> _EXERCISE DESCRIPTION_
Would you output the entries below only from the line containing "0621 Verde Foresta - Plain Colour Range" through the line containing "Chapter 69 - halaman 68", exactly as they stand and with both ends included?

--*--

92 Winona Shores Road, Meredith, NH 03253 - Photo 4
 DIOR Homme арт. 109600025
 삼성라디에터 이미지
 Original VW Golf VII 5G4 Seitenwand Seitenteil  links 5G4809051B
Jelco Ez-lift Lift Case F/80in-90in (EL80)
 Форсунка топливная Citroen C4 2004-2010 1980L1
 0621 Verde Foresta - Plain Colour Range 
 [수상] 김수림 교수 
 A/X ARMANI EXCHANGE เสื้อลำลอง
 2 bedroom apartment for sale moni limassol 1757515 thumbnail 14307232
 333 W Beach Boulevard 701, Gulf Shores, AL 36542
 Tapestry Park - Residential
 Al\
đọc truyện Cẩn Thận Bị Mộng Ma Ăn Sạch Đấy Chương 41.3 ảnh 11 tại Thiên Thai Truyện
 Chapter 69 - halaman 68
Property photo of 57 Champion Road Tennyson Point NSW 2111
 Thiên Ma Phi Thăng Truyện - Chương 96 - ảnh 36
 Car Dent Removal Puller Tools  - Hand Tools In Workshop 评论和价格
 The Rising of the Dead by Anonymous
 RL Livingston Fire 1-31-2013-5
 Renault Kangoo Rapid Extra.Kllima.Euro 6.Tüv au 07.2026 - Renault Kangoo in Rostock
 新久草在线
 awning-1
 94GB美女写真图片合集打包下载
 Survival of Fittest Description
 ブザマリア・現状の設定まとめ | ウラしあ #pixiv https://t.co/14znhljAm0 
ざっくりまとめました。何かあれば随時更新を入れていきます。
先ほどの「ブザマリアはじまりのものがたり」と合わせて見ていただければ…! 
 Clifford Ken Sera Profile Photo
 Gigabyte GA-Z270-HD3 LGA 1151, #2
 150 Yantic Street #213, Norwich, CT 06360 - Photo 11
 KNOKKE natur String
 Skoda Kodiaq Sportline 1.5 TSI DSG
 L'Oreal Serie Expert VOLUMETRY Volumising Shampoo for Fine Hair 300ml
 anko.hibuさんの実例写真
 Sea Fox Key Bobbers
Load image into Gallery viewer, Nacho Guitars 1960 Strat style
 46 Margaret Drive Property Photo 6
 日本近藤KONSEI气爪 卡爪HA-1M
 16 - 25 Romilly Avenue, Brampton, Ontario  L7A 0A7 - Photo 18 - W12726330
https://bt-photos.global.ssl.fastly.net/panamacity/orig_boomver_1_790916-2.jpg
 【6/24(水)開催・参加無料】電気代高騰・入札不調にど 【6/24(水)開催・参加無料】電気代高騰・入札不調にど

--*--

> _ANSWER TO THIS TASK_
 0621 Verde Foresta - Plain Colour Range 
 [수상] 김수림 교수 
 A/X ARMANI EXCHANGE เสื้อลำลอง
 2 bedroom apartment for sale moni limassol 1757515 thumbnail 14307232
 333 W Beach Boulevard 701, Gulf Shores, AL 36542
 Tapestry Park - Residential
 Al\
đọc truyện Cẩn Thận Bị Mộng Ma Ăn Sạch Đấy Chương 41.3 ảnh 11 tại Thiên Thai Truyện
 Chapter 69 - halaman 68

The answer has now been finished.